Simon T.:
Did you write about your story of your practice before reaching fourth path? I would like to know about it.
You can look at my practice journal on KFD. Towards the beginning, someone asked me a similar question, so I recounted the story from memory.
(If I had to characterize my own difficulties with attention, I would say that I strongly leaned towards the "speculative" phenotype described above.)
The most helpful method I used (getting me the first two paths very quickly) is here: http://kennethfolkdharma.wetpaint.com/thread/4647646/Drunken+Vipassana+Fist%3A+An+Introduction
Please note, I am explicitly telling you
not to try this with amphetamine or any prescription drug whatsoever. The method can be much more intense than my neutral writing style makes it seem. In combination with amphetamine or a prescription drug, you would be taking on great risk. However, you may find some useful ideas in my post which you might be able to apply, in a modified form, to your own case.
Simon T.:
Regarding "noting speed" you talked about in the other thread, I don't know yet. I never really managed to put well the noting into practice. I find that it obscure the object and it's not true awareness.

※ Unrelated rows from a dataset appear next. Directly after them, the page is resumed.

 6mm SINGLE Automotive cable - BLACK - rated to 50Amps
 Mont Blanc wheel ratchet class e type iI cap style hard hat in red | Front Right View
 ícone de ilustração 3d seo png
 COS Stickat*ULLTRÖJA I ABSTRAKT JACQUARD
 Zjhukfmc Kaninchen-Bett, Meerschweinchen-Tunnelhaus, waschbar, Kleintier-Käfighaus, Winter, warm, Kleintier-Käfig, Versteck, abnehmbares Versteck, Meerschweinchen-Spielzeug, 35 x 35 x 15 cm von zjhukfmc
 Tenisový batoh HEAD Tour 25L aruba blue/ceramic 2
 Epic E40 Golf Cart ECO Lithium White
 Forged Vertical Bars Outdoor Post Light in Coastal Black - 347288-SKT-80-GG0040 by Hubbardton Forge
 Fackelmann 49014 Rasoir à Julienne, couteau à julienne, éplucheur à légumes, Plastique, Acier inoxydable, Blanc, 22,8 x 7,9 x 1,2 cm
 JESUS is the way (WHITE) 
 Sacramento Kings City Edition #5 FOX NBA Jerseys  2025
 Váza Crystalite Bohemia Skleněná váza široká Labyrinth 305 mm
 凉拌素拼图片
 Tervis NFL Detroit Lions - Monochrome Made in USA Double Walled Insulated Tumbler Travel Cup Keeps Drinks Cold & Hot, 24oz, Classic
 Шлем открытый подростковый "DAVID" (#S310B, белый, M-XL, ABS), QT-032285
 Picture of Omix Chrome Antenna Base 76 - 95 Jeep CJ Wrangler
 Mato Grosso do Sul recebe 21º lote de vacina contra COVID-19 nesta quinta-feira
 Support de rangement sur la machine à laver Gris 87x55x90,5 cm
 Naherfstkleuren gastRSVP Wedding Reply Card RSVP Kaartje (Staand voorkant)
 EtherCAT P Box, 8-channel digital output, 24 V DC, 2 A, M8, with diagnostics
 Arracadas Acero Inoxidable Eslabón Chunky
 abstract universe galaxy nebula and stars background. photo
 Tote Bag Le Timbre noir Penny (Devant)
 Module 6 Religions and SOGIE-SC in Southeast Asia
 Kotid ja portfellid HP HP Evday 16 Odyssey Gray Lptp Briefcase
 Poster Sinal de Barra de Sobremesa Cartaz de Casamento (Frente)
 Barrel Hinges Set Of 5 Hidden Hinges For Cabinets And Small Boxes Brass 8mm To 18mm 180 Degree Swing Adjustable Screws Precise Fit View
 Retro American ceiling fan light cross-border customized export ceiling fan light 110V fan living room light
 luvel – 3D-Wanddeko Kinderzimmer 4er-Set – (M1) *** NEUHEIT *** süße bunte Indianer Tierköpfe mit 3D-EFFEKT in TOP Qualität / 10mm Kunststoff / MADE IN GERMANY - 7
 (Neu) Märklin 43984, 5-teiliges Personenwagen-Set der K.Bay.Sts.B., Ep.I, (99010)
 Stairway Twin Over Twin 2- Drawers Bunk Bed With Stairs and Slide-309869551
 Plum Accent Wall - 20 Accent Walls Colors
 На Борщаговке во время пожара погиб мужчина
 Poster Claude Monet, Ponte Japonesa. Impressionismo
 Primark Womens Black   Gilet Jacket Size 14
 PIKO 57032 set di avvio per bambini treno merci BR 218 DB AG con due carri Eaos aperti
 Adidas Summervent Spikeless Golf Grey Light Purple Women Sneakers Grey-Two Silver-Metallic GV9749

Have you taken something as simple as your visual field as an object to note? For example, staring at a wall, or a large or small kasina, or the visual field as a whole, and repeatedly noting "seeing...seeing..." during each individual moment that you notice that you are seeing the kasina or visual field? This is very simple, and the visual field is generally much more distinctive and clear than the motion of the abdomen (the traditional anchor of the noting technique)
If you found that this was doable, you could move on to varying your noting speed in order to see if you could find a speed that keeps your attention grounded in the process of meditation and away from discursive thinking.
You could try different kasinas or different sensory modalities as well, if you were not satisfied with the results at this point.
This is what I had in mind by experimentation; take the bones of one technique, figure out how to make it work "well enough", and then keep varying the details and implementation until you get something that suits the idiosyncrasies of your mind especially well.
Keep in mind that rapidly noting "seeing" is one means of attending to the impermanence characteristic of sensory experience, and recognizing this thoroughly enough is sufficient to attain stream entry.
Monks, eye-contact is inconstant, changeable, alterable. Ear-contact... Nose-contact... Tongue-contact... Body-contact... Intellect-contact is inconstant, changeable, alterable.
One who knows and sees that these phenomena are this way is called a stream-enterer, steadfast, never again destined for states of woe, headed for self-awakening.